I have always preferred a more natural look when it comes to makeup, but I can now embrace the ‘less is more’ approach in everyday life confidently when not in front of the camera.

Why Emma loves Kate’s effortless style

“Consider me royally obsessed with the Duchess of Cambridge and her wardrobe,” says Emma, in awe. “Kate is elegant and chic, always sporting glossy curls and flawless makeup.

“Taking care of my skin has always been very important to me. My regime is anything but complex. I follow a three-step rule: cleanse, tone and moisturise using the Murad Essential C line, morning and night.

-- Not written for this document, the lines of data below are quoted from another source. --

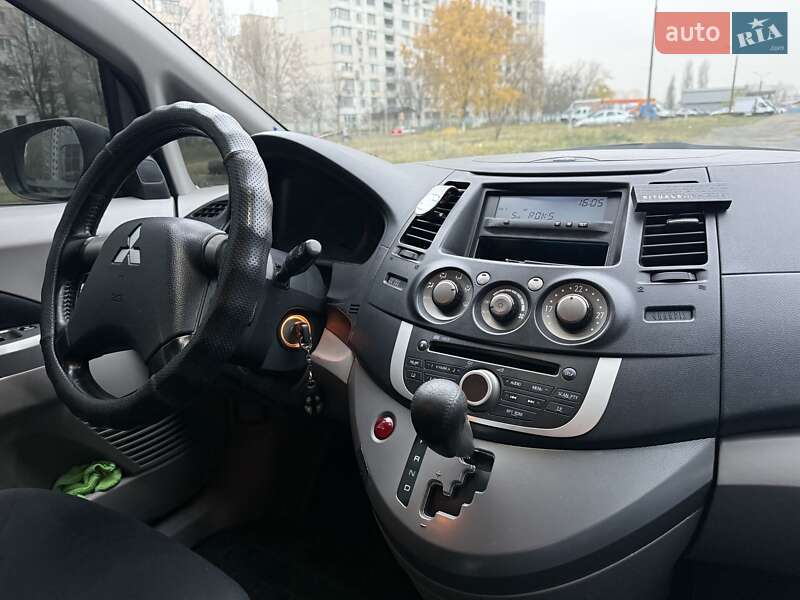 Минивэн Mitsubishi Grandis 2008 в Киеве фото 8 Минивэн Mitsubishi Grandis 2008 в Киеве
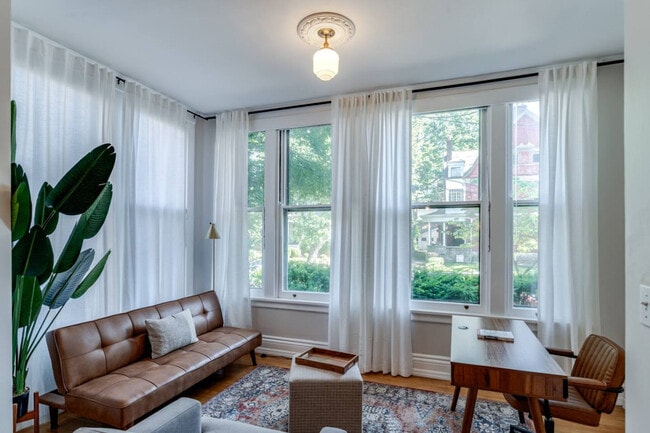 351 Thrall St unit ID1234536P, Cincinnati, OH 45220 - photo 4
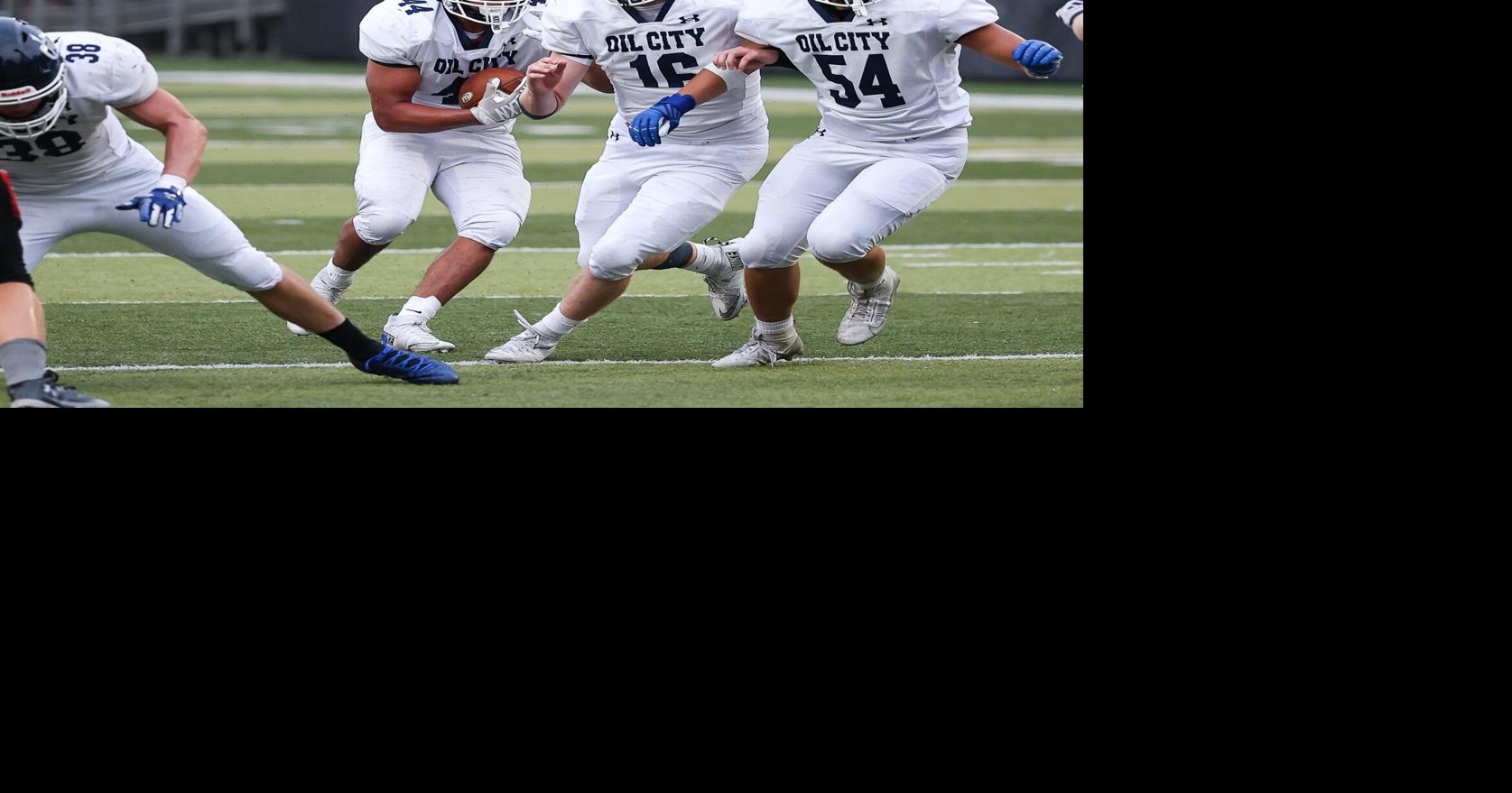 Oilers kick off season with 14-8 win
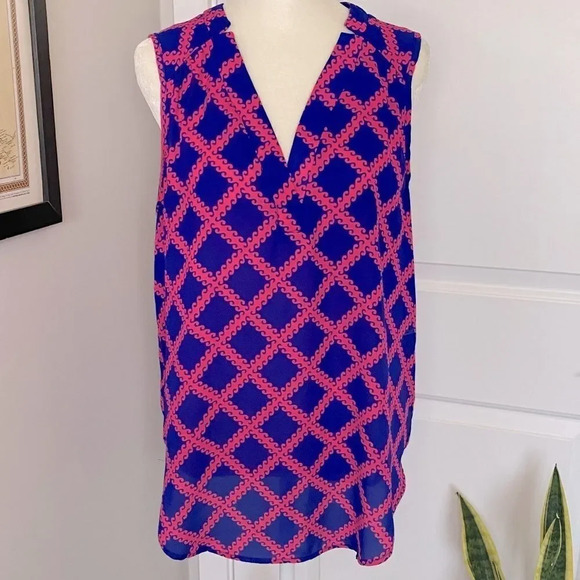 Stitch Fix 41 Hawthorn Blue Pink Design V-Neck Tank Top - Picture 1 of 11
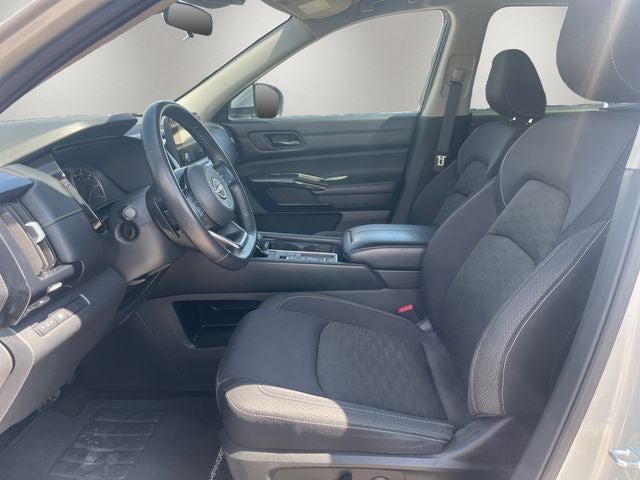 2023 Nissan Pathfinder SV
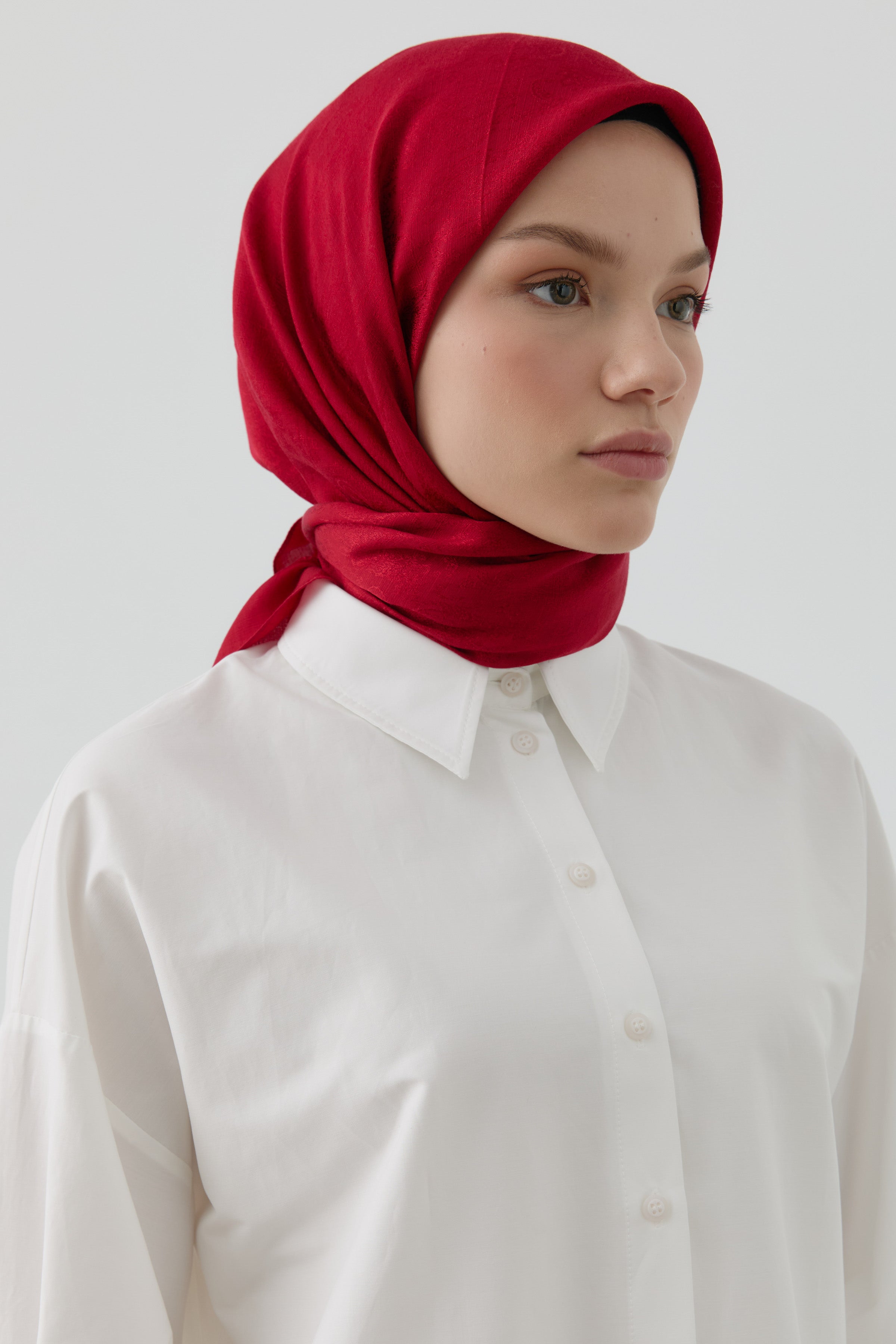 Etnik Şal Desenli Naturel Eşarp - Kırmızı TUGBA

“They have a good antioxidant-rich cleanser and toner all in one product, which is handy, with vitamins A, C and E — great for removing impurities. The Essential-C Day Moisturiser hydrates and protects my skin against environmental ageing and gives me a nice glow. What I love the most about it is the burst of citrus — it smells divine.

“I also love treating myself to a monthly jet peel facial at Therapie Clinic NI. It’s like a power-wash for the face. Nivea Express Hydration is my ultimate favourite body lotion, and Nivea Sun Protect and Moisturise is my go-to sunscreen during the summer months. I always use a foundation which includes SPF to protect my face.

“When it comes to hair products, Tresemme is my number one brand for shampoo, conditioner and hairspray. And as Miss Northern Ireland, it’s important to always look my best and Insanity Tan gives me that perfect summer glow. Before a big event, I would get their spray tan at my local Bronze Salon. At home I use Insanity Tan mouse or tinted moisturiser.

“My all-time favourite beauty product is Make-up Studio 4D False Lash Mascara, from Paddy McGurgan’s Make-up Pro store. It’s unbeatable. “I don’t take vitamin supplements at the minute. I try to get all the vitamins and minerals I need by eating a healthy, balanced diet. Breakfast would include Weetabix, porridge oats or granola with fresh fruit.

“Lunch, when I have time, would be chicken salad or a wrap, but when I’m busy I grab a piece of fruit. Evening meals can range from a homemade chicken stack with my favourite spring onion mash, to spaghetti Bolognese or chicken stir fry. I’m currently off red meat which I’m finding really difficult, as I love steak.

“For snacks, I have apples, bananas and grapes. Digestive biscuits and shortbread are my all-time favourite sweet treats. I drink water mostly but I love breakfast tea and Earl Grey. My favourite tipple is Magners Light — it’s low calorie and tastes great. I’m normally in bed around 10.30pm, as I like to get eight hours’ sleep, but sometimes that’s not possible, with work or socialising.”